Accordingly, a need is recognized for improving the efficiency of processes involved in designing caches.
SUMMARYExemplary aspects of the invention are directed to cache design techniques. An example method comprises determining, for one or more sets of a set associative cache, a number of access distance instances encountered in a memory trace for one or more ways within each of the one or more sets, wherein an access distance instance for a way corresponds to a number of unique accesses to other ways which occur between two accesses for the same way. An access distance vector is formed for each of the one or more sets, wherein elements of the access distance vector for a set belonging to the one or more sets comprise the number of access distance instances for each of the one or more ways of the set. At least a subset of the one or more sets and at least a subset of the one or more ways to be included in a cache design of the set associative cache are identified, based on the values of the elements of one or more access distance vectors of one or more sets.
Another exemplary aspect is directed to a non-transitory computer-readable storage medium comprising code, which, when executed by a processor, causes the processor to perform a method of cache design.

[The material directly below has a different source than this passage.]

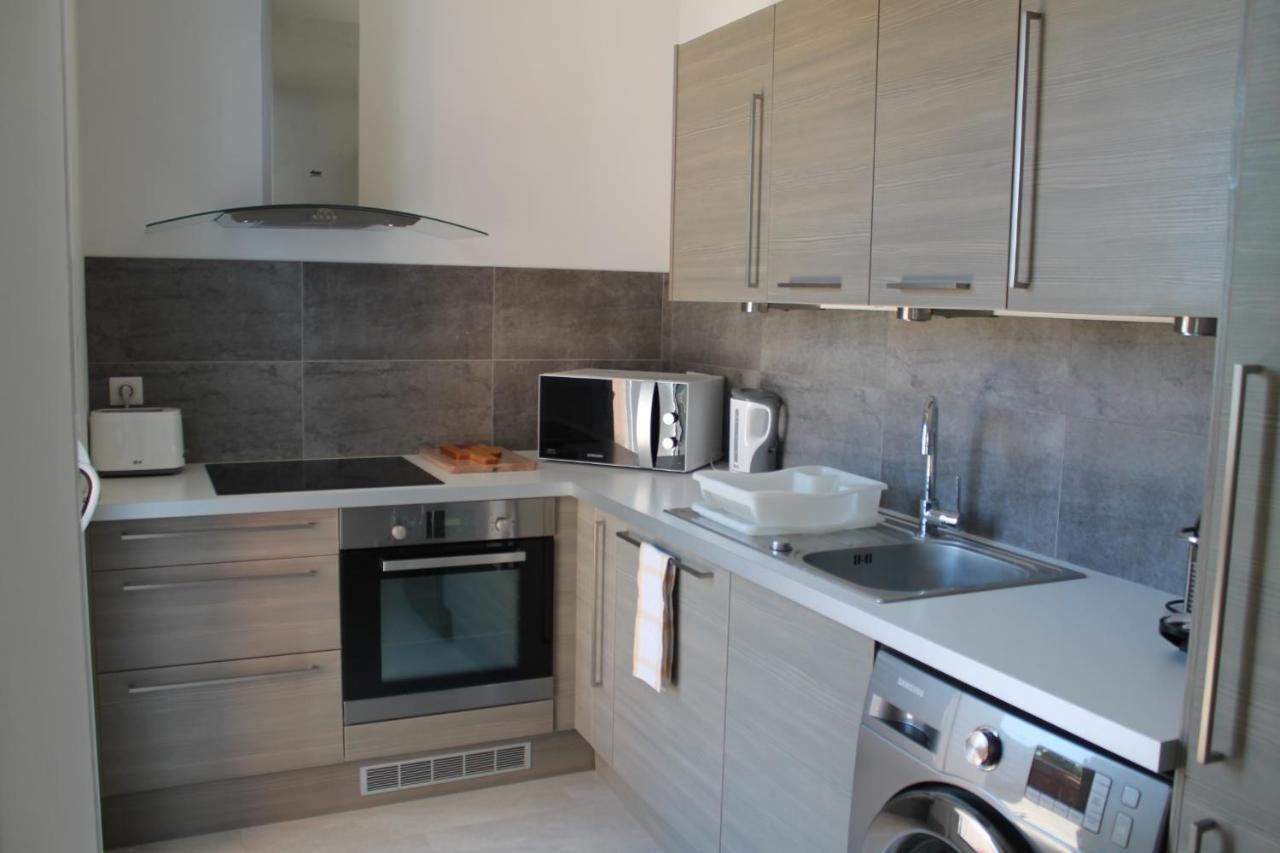 Agreable 3 Pieces Climatise Avec Vue Mer Et Parking Villefranche-sur-Mer Exterior foto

The non-transitory computer-readable storage medium comprises code for determining, for one or more sets of a set associative cache, a number of access distance instances encountered in a memory trace for one or more ways within each of the one or more sets, wherein an access distance instance for a way corresponds to a number of unique accesses to other ways which occur between two accesses for the same way; code for forming an access distance vector for each of the one or more sets, wherein elements of the access distance vector for a set belonging to the one or more sets comprise the number of access distance instances for each of the one or more ways of the set; and code for identifying at least a subset of the one or more sets and at least a subset of the one or more ways to be included in a cache design of the set associative cache, based on the values of the elements of one or more access distance vectors of one or more sets.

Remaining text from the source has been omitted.